This broader approach to social security can be fruitful here in various ways. Firstly, it enables the studying of migrants’ healthcare experiences across formal and informal settings, drawing attention to the diverse set of players and complex relations involved, including state and non-state institutions, family and social networks and public and private resources. Secondly, it facilitates a multi-layered analysis of issues concerning healthcare, taking into account not only care providers and those who receive care but also ideas and histories in which healthcare practices are embedded, both in the context of the ‘host society’ and that of the migrants’ country of origin. Thirdly, the authors’ anthropological theorisation of social security necessitates a ‘bottom-up’ approach, one that does not prioritise the views and perspectives of the institutions and policy-makers or, more generally, of the ‘host society’, over those of the migrants. Thus, rather than reproducing the ‘methodological nationalism’ still prevalent in much of mainstream migration research (Glick Schiller and Çağlar 2009; Wimmer and Glick Schiller 2002), their work opens up a conceptual avenue that takes as a starting point the routine, ordinary ways of overcoming problems in migrants’ everyday lives that may stretch temporally and spatially well beyond the migrants’ present in a specific locality in the country of residence – for example, through transnational linkages.
After describing the methodology of the empirical research on which this paper is based, in the following I draw on this perspective in order to put migrants’ experiences and understandings of healthcare issues at the heart of my analysis and guide my approach to the field of insecurities among Czech- and Slovak-speaking migrants and the ways in which they negotiated these insecurities in their everyday lives in Glasgow and beyond.
Methodology and methods
This paper is based on 12 months of ethnographic research that I conducted in 2012 with Czech- and Slovak-speaking migrants who came to Glasgow after 2004.5 The study was part of my doctoral research which aimed to gain an in-depth understanding of how these migrants – as both locals and transnational actors – negotiated insecurities and risks in their everyday lives in the city. In order to overcome the problem of ‘methodological nationalism’ and the ‘ethnic lens’ (Wimmer and Glick Schiller 2002), I focused on a language-based group consisting of Slovak and Czech speakers including, among them, Roma. Thus, instead of a priori pigeonholing these migrants into separate ethnic and/or national groups or ‘communities’, my research population was constructed across categories of ethnicity, nationality, and culture. This does not mean that ethnic, national and cultural boundaries did not matter; on the contrary, rather than taking them for granted, I empirically inquired into how these boundaries became or were made relevant in the field (Guma 2015). For example, while ethnicity and nationality did not emerge as significant factors regarding my research participants’ healthcare issues, I have shown elsewhere how they shaped other insecurities and risks faced by these migrants (Guma 2018).
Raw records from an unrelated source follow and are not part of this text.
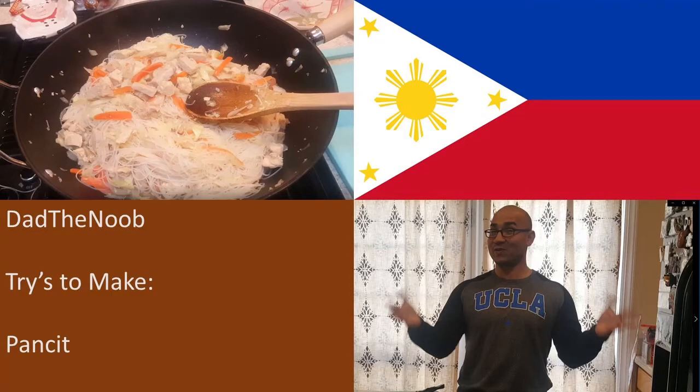Pancit — from Hokkien 'pian i sit,' which means something conveniently cooked fast. No Filipino family gathering could be complete without this noodle-based dish. It is quite possibly the most essential foodstuff trailing behind rice and pandesal for Filipino families all over the globe. So when I brought up the topic of trying to make this Filipino comfort food, my wife blanched and simply said, 'Don't mess it up.' We'll see if I pull this recipe off in this episode of Dad the Noob Tries to Make Pancit.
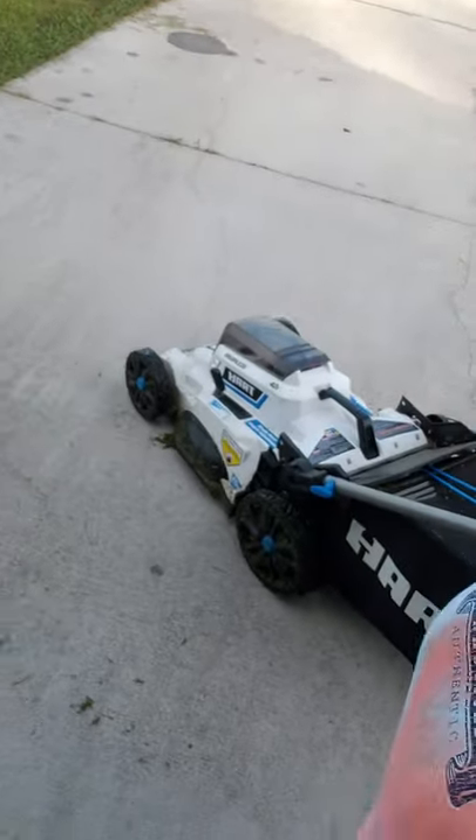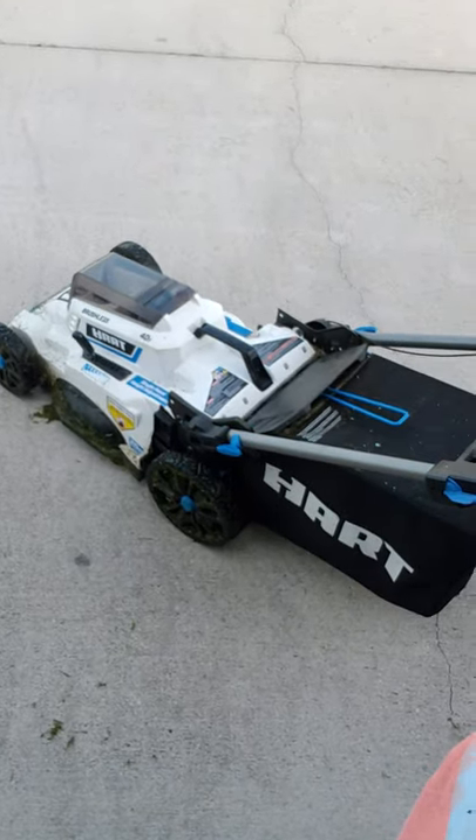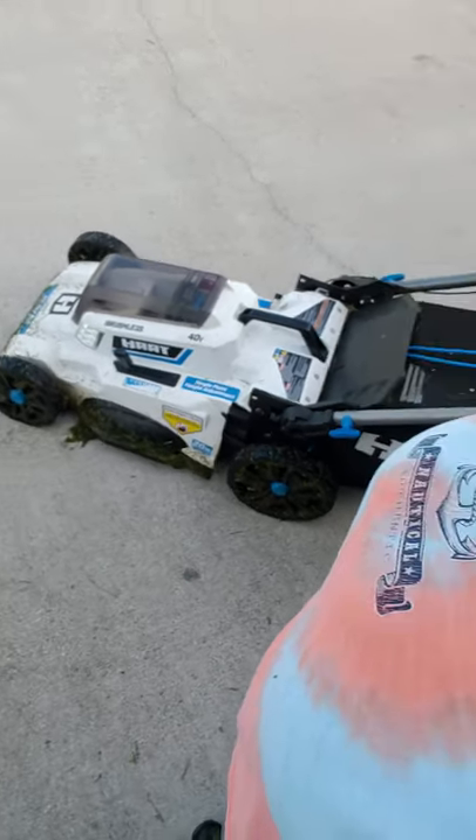I'm going to show you what it looks like right now. This is the mower. Okay guys, I want to show you my yard — I'm going to walk and show you. It's what you call fall here in Florida, so the grass turns colors because it's dying off. You can see how far I've gotten with my mower.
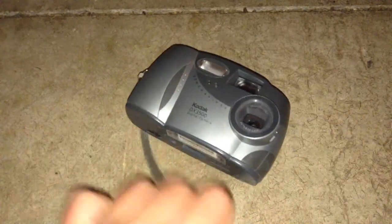Okay, anyway, thanks for watching. Make sure to subscribe and comment down below how I should destroy this really old digital camera that doesn't work. Please leave them down below. Thanks for watching. Bye!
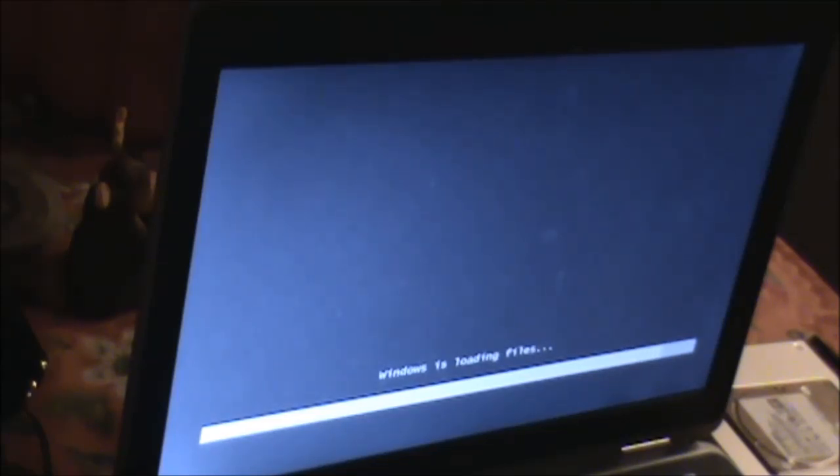It says Windows is loading files. Yeah, that's what it should say. Oh, there we go — hold on, it's doing something. Starting Windows, it says. It's probably up here that it probably starts up.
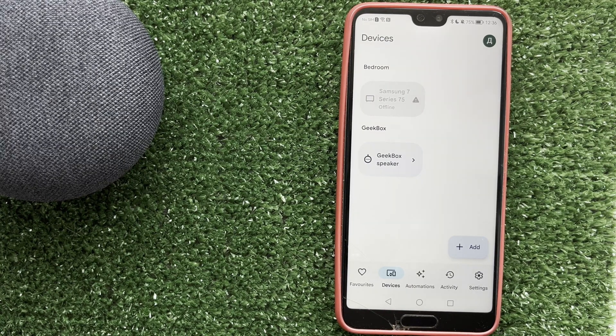Hello everyone, you are on the Geekbox YouTube channel. Today you will find out how to change Spotify account on Google Home. Let's go.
Importantly, the decision to select Czech- and Slovak-speaking migrants as a research group was informed by the field itself; two small pilot studies that I conducted prior to my research found that these migrants interacted in various ways and on different levels in Glasgow and beyond. For example, I came across several informal groups and gatherings involving Czech and Slovak speakers,6 such as a Facebook group of ‘Czechs and Slovaks in Glasgow’ and another one covering Scotland as a whole; I also became aware of shared services and projects involving Slovak and Czech speakers in Glasgow’s voluntary sector.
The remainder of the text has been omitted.